= 2014–15 ISU Speed Skating World Cup – Women's 1000 metres =

The 1000 meters distance for women in the 2014–15 ISU Speed Skating World Cup was contested over seven races on six occasions, out of a total of seven World Cup occasions for the season, with the first occasion taking place in Obihiro, Japan, on 14–16 November 2014, and the final occasion taking place in Erfurt, Germany, on 21–22 March 2015.
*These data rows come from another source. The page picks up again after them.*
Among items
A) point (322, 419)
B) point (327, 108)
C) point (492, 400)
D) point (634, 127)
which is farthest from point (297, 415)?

The defending champion was Heather Richardson of the United States. Brittany Bowe of the United States won the cup. Richardson had to settle for fifth place.

==Top three==

| Position | Athlete | Points | Previous season |
|---|---|---|---|
| 1 | USA Brittany Bowe | 510 | 2nd |
| 2 | NED Marrit Leenstra | 507 | 11th |
| 3 | CHN Li Qishi | 485 | 27th |

== Race medallists ==

| WC # | Location | Date | Gold | Time | Silver | Time | Bronze | Time | Report |
| 1 | Obihiro, Japan | 15 November | Marrit Leenstra Netherlands | 1:16.23 | Ireen Wüst Netherlands | 1:16.34 | Li Qishi China | 1:16.54 |  |
| 2 | Seoul, South Korea | 23 November | Li Qishi China | 1:16.95 | Marrit Leenstra Netherlands | 1:17.06 | Karolína Erbanová Czech Republic | 1:17.33 |  |
| 3 | Berlin, Germany | 6 December | Brittany Bowe United States | 1:14.81 | Heather Richardson United States | 1:15.14 | Li Qishi China | 1:15.94 |  |
| 4 | Heerenveen, Netherlands | 13 December | Heather Richardson United States | 1:14.63 | Brittany Bowe United States | 1:14.68 | Li Qishi China | 1:15.71 |  |
| 6 | Heerenveen, Netherlands | 7 February | Heather Richardson United States | 1:14.87 | Brittany Bowe United States | 1:15.38 | Li Qishi China | 1:15.89 |  |
| 8 February | Brittany Bowe United States | 1:15.63 | Marrit Leenstra Netherlands | 1:15.75 | Karolína Erbanová Czech Republic | 1:15.98 |  |
| 7 | Erfurt, Germany | 22 March | Brittany Bowe United States | 1:14.61 | Heather Richardson United States | 1:15.13 | Marrit Leenstra Netherlands | 1:15.78 |  |

== Standings ==
Standings as of 22 March 2015 (end of the season).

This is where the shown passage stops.